The horizontal component of a vector represents its projection along the x-axis. Imagine you are shining a light on the vector and it casts a shadow on the horizontal line; that shadow is the horizontal component. In mathematical terms, this component can be found using the cosine function, which relates the angle of the vector to its horizontal projection.

When you have a vector with a known angle \( \theta \) and magnitude \( |\mathbf{v}| \), you employ the formula:

• \( v_x = |\mathbf{v}| \cdot \cos(\theta) \)

This formula tells you how much of the vector's length is in the horizontal direction.

Taking our example from the exercise, where the angle \( \theta = 300^{\circ} \), the horizontal component is calculated using \( \cos(300^{\circ}) = \frac{1}{2} \). This results in \( v_x = \sqrt{3} \cdot \frac{1}{2} = \frac{\sqrt{3}}{2} \). So, the horizontal component describes how far the vector extends across the horizontal axis.

The vertical component of a vector is akin to its shadow on the vertical axis, revealing the vector’s influence in the up and down direction. This component is crucial when the vector extends in a direction other than purely horizontal or along the diagonal.

To determine the vertical component, the sine function is used. The formula is quite similar to that used in finding the horizontal component:

• \( v_y = |\mathbf{v}| \cdot \sin(\theta) \)

This formula gives us the segment of the vector that is moving up or down.

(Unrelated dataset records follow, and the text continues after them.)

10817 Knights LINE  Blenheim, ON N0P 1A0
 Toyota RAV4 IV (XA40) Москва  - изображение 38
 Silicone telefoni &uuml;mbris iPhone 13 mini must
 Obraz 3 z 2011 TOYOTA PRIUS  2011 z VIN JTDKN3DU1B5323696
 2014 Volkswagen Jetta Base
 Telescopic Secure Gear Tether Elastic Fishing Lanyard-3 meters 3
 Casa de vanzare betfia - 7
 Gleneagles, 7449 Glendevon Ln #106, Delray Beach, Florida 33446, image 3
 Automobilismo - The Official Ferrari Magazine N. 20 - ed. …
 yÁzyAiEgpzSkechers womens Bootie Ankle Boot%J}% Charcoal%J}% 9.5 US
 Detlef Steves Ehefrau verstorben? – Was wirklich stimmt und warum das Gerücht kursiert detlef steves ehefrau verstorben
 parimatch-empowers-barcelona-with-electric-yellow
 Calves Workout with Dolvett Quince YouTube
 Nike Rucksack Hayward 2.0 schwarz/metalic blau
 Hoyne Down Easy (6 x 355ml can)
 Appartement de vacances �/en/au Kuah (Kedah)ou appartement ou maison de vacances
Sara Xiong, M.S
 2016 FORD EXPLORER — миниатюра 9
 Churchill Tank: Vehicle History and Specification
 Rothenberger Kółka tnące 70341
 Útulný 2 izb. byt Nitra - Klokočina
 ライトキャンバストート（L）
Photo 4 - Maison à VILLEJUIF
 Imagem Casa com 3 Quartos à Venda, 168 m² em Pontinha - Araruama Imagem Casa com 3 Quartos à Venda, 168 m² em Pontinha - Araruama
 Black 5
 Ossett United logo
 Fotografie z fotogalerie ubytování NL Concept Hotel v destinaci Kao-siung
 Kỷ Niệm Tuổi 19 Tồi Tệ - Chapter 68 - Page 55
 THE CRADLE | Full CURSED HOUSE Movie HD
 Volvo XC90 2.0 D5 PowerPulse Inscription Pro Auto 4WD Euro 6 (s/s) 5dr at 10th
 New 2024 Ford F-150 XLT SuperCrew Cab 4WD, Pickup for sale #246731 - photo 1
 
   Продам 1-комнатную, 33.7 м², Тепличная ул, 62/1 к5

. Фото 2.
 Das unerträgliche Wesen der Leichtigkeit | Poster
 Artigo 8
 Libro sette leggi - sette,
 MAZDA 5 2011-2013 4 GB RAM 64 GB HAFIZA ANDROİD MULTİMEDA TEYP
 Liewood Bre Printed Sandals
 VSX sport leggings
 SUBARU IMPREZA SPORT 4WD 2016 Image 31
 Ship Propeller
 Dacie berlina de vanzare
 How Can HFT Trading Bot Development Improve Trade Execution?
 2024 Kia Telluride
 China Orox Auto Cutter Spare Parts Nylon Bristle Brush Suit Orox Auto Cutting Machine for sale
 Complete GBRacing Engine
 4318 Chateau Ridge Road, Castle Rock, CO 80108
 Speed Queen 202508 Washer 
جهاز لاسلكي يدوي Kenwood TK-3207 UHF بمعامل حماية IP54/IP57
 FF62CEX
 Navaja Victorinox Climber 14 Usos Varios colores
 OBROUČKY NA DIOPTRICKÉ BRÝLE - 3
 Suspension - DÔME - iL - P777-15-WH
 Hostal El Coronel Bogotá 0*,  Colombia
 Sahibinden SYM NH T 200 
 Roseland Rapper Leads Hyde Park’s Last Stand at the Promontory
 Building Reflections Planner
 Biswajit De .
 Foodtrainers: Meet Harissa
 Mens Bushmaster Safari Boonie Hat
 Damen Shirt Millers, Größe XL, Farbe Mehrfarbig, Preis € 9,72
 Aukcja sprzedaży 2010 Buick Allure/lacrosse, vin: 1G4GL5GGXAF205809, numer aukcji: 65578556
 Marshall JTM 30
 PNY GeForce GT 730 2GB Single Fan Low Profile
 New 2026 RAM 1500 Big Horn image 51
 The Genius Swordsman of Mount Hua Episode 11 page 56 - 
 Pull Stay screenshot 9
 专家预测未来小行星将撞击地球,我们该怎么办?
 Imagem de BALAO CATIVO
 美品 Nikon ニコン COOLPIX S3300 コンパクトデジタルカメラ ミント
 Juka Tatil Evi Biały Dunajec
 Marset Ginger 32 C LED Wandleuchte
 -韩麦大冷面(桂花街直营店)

Using the earlier context with \( \theta = 300^{\circ} \) and knowing \( \sin(300^{\circ}) = -\frac{\sqrt{3}}{2} \), we find the vertical component: \( v_y = \sqrt{3} \cdot -\frac{\sqrt{3}}{2} = -\frac{3}{2} \). Therefore, the vertical component is negative here, indicating that it moves downward, below the x-axis.

Unit vectors are incredibly useful in vector mathematics. They provide a standardized way to express vectors in a plane, using components of length 1 in specific directions. The vector \( \mathbf{i} \) refers to the unit vector along the x-axis (horizontal), while \( \mathbf{j} \) refers to the unit vector along the y-axis (vertical).

By using unit vectors, any vector \( \mathbf{v} \) can be expressed as a combination of \( \mathbf{i} \) and \( \mathbf{j} \). The general expression is:

• \( \mathbf{v} = v_x \cdot \mathbf{i} + v_y \cdot \mathbf{j} \)

This form is straightforward and shows the horizontal and vertical components clearly.

For the specific vector from the exercise, the components are \( v_x = \frac{\sqrt{3}}{2} \) and \( v_y = -\frac{3}{2} \). Thus, the vector \( \mathbf{v} \) is expressed as \( \mathbf{v} = \frac{\sqrt{3}}{2} \mathbf{i} - \frac{3}{2} \mathbf{j} \). This notation provides an intuitive understanding of the vector's direction and magnitude in relation to the axes.